Twin Themes

Like fires, ideas come about by rubbing two things together. Scott Sunquist’s Understanding Christian Mission: Participation in Suffering and Glory brings a standard contemporary account of missiology (the study of Christian mission) into contact with a gestalt of themes associated with Eastern Orthodox Christianity. The flint here includes a cosmic scope to salvation history, liturgical emphasis on doxology, witness of the martyrs, and the kind of eschatological vista, à la Revelation 7, that one might find in a writer like Alexander Schmemann.

Understanding Christian Mission
Participation in Suffering and Glory
By Scott W. Sunquist.
Baker Academic. Pp. 464. $34.99

The book is organized in relation to these themes, around the twin poles of suffering and glory. Along the way the treatment of questions like salvation is influenced, perhaps more subtly, by traditional approaches like the harrowing of hell or the human being as microcosm.

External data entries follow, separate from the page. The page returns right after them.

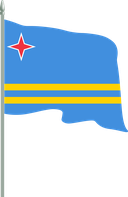 The Flag of Aruba Pole Flag II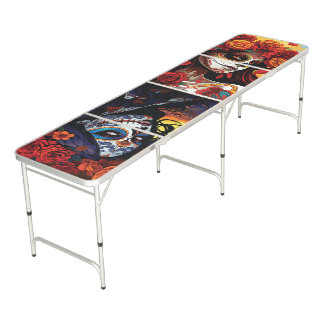 La Catrina Calavera Day of the Dead Halloween Beer Pong Table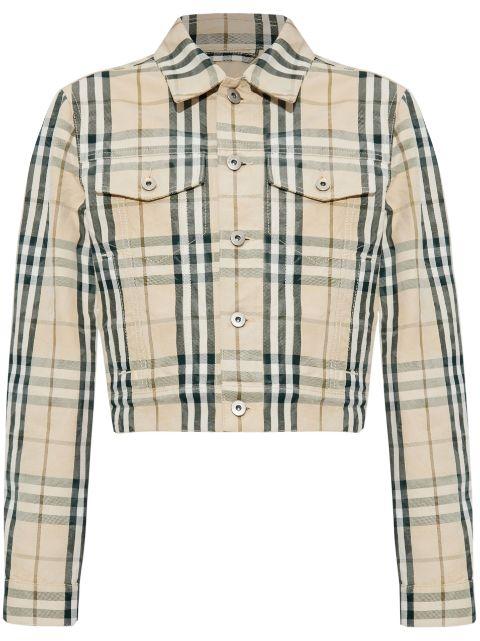 check pattern cropped jacket by BURBERRY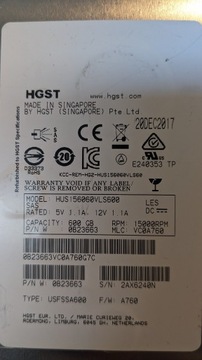 Dysk Hitachi HUS156060VLS600 600 GB 3,5" SAS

How many Protestant missiologists reach repeatedly for Ephrem the Syrian to illustrate the spirituality of mission, or speak of mission’s end as glory in its “Eucharistic splendor” (p. 205)?

The book aims to be a comprehensive introduction to the study of mission, and as such moves through the usual sections of historical survey, biblical foundation, and contemporary and more practical topics such as holism and urbanization. The similarity to David Bosch’s magisterial Transforming Mission is demonstrable. The concept of the missio Dei has become standard in missiological treatments, and so guides the treatment throughout.

In this regard, I appreciated Sunquist’s awareness of how the concept has been misused in the recent history of missiology. He stresses that the reality of human sinfulness should not be obscured in missio’s shadow, and that the persons of the Trinity always work in concert throughout salvation history. He wisely roots suffering and glory in the cross itself.

Unlike comparable introductions, Sunquist’s gives more space to pneumatology, not least because of the dramatic Pentecostal dimension to modern mission. He deals with the central questions of culture and other religions under the rubric of the Holy Spirit. With respect to the former he cites Pope Gregory’s famous advice (in Bede) to missionaries among the Saxons to destroy the idols and redeploy the temples; he leaves the relation of continuity and discontinuity there.

The original motive for the missio was to shift the focus from us to God, and in so doing to fix our eyes on the final horizon in a hopeful way. The move sometimes lost its way in the intricacies of trinitarianism and our own desires. The same good purposes are served by organizing missiological reflection around glory, and so the theme proves in Sunquist’s book to be an apt and helpful framework to present this inherently multi-disciplinary pursuit.